Only the pictures are to be dropped; the rest of the data below is to be duplicated exactly.

◆ Given records ◆
• • •

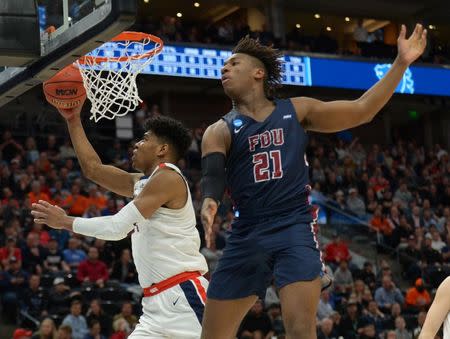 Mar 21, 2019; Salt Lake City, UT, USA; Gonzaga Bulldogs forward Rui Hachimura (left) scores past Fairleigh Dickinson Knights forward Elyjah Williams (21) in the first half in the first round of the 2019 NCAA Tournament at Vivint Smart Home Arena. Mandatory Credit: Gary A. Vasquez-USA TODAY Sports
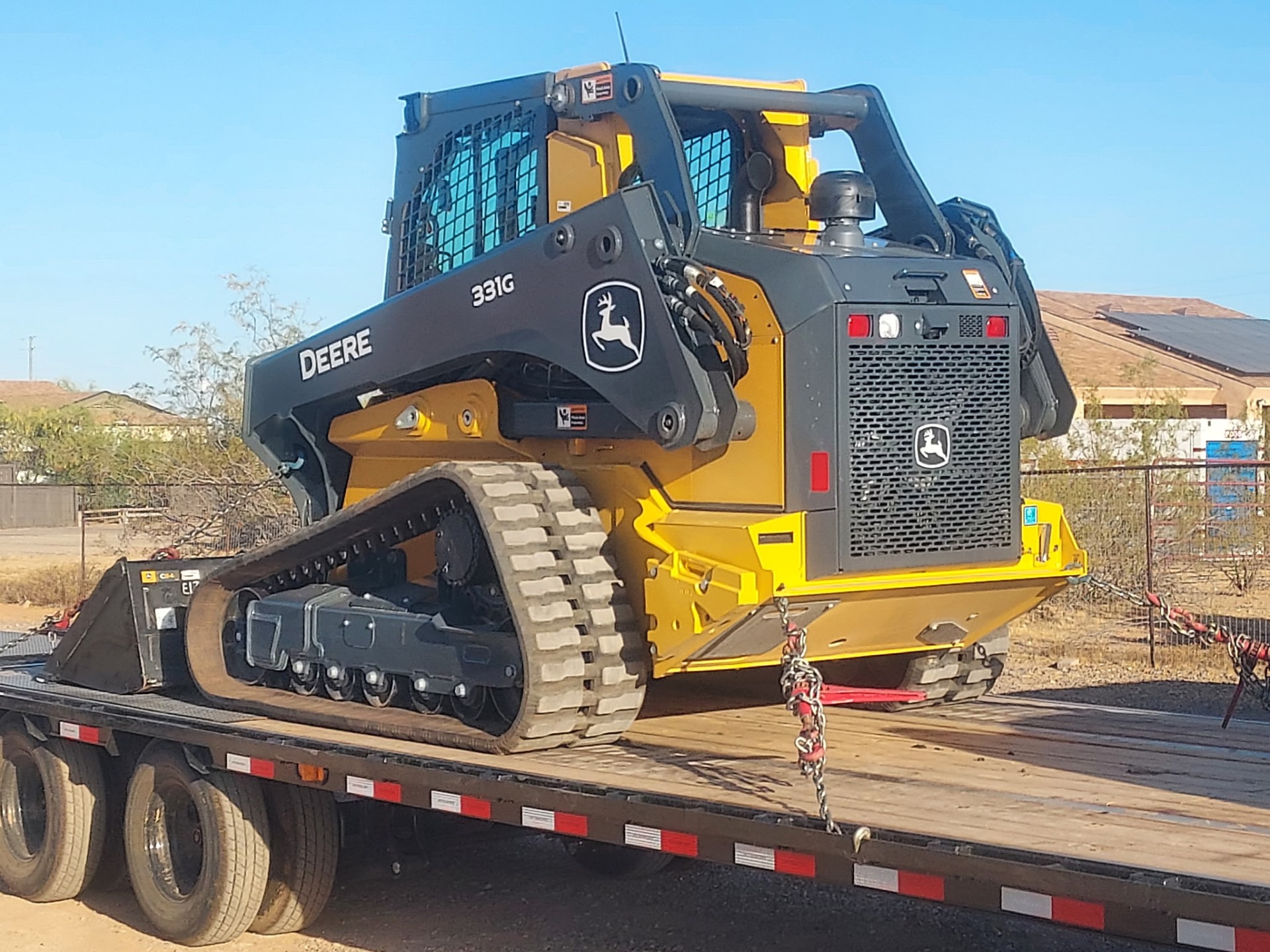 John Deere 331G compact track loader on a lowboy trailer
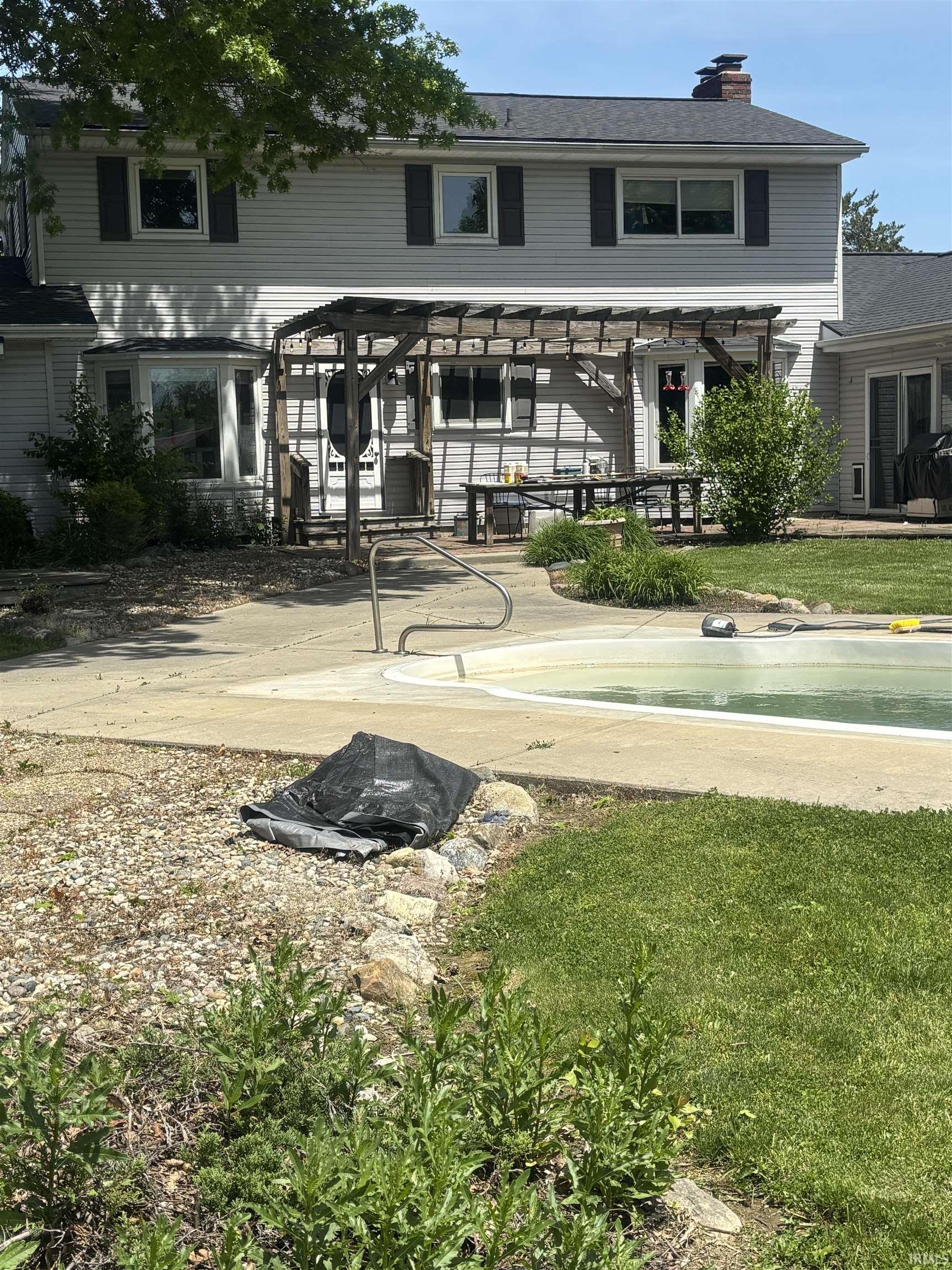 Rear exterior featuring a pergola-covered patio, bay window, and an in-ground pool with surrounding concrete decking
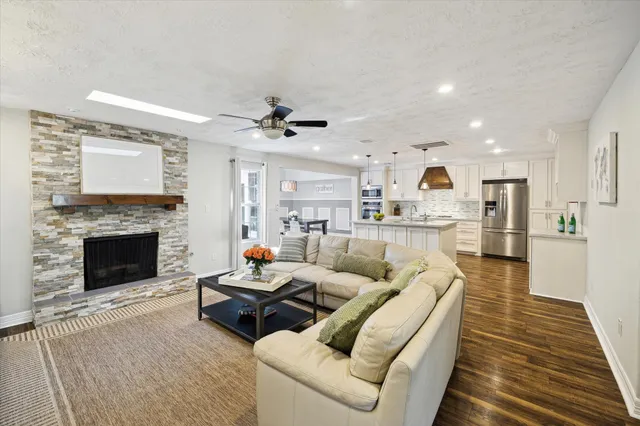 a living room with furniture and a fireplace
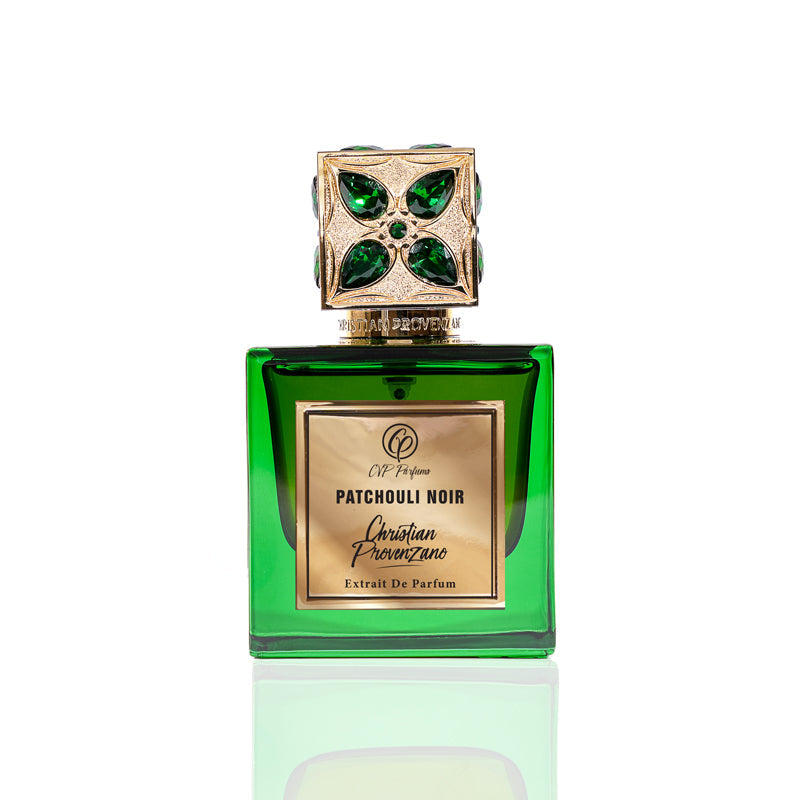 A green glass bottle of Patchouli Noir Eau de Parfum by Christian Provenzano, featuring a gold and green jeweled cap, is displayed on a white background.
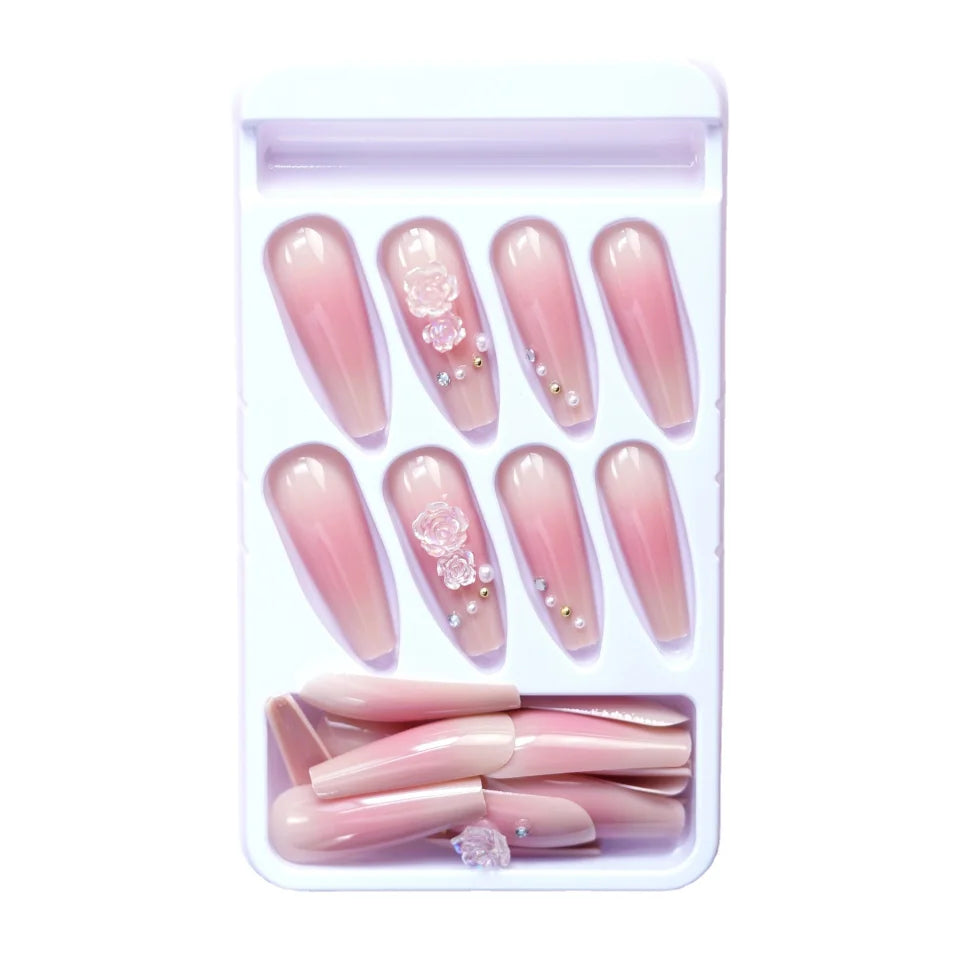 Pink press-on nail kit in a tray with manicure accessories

• • •

◆ The completed task ◆
 Mar 21, 2019; Salt Lake City, UT, USA; Gonzaga Bulldogs forward Rui Hachimura (left) scores past Fairleigh Dickinson Knights forward Elyjah Williams (21) in the first half in the first round of the 2019 NCAA Tournament at Vivint Smart Home Arena. Mandatory Credit: Gary A. Vasquez-USA TODAY Sports
 John Deere 331G compact track loader on a lowboy trailer
 Rear exterior featuring a pergola-covered patio, bay window, and an in-ground pool with surrounding concrete decking
 a living room with furniture and a fireplace
 A green glass bottle of Patchouli Noir Eau de Parfum by Christian Provenzano, featuring a gold and green jeweled cap, is displayed on a white background.
 Pink press-on nail kit in a tray with manicure accessories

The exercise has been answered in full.